Concept

Conduct an analysis of how news coverage on a particular topic ranges by city and in time. This project would focus on using the Natural Language Tool Kit (NLTK) within python to compare various news sources (online newspapers) regarding similarity and differences of word choice, tone, and vocabulary used in describing one current event topic, for example bitcoin across time, for example two sets of months. The idea is to compare these texts and determine if different cities have a different perspective on a current events topic. Bitcoin is just one example of a recent topic that can be tracked in popularity across time as well in regards to how authors/news sources in different cities present the idea. Given its’ rise in popularity in recent years with prices for bitcoins rising ever steadily to what some might call unimaginable highs (possible bubble) the aim of this project would seek to identify how different cities might view the same event from different perspectives. 

Intended data sources

Data sources might include publicly (or through NYU’s library databases) available news sources from website for example the Los Angeles Times, the New York Post, the Chicago Tribune, and the Washington Post.  The idea behind selecting these newspapers is that they are not specialized to the financial sector like the Wall Street Journal, or Barron’s, and are not considered national newspapers like the New York Times.

Intended methodology

After collecting corpus for each city, python libraries like nltk and matplotlib would be utilized to count the frequency of specific words and display them in a graph by city.
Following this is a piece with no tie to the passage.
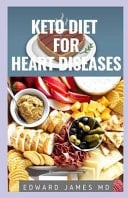 Keto Diet for Heart Diseases The Ultimate Guide to the Uses of Keto Diet for Heart Diseases and Recipe You Can Us As Well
Comparing relative frequencies of special keywords for example in a visualization of a matplotlib plot would allow the reader / researcher to identify where coverage of a particular subject -bitcoin as an example- may be more favorable or less favorable. Another approach might be to the NetworkX library in python to create a graph of certain topics within articles categorized by cities to determine clusters of similar topics and compare these graphs across cities to how coverage differs based on the nodes in the graph. 

Deliverables 

Deliverables will comprise of a notebook with python code, as well as visualizations embedded in a paper analyzing coverage patterns by city across time.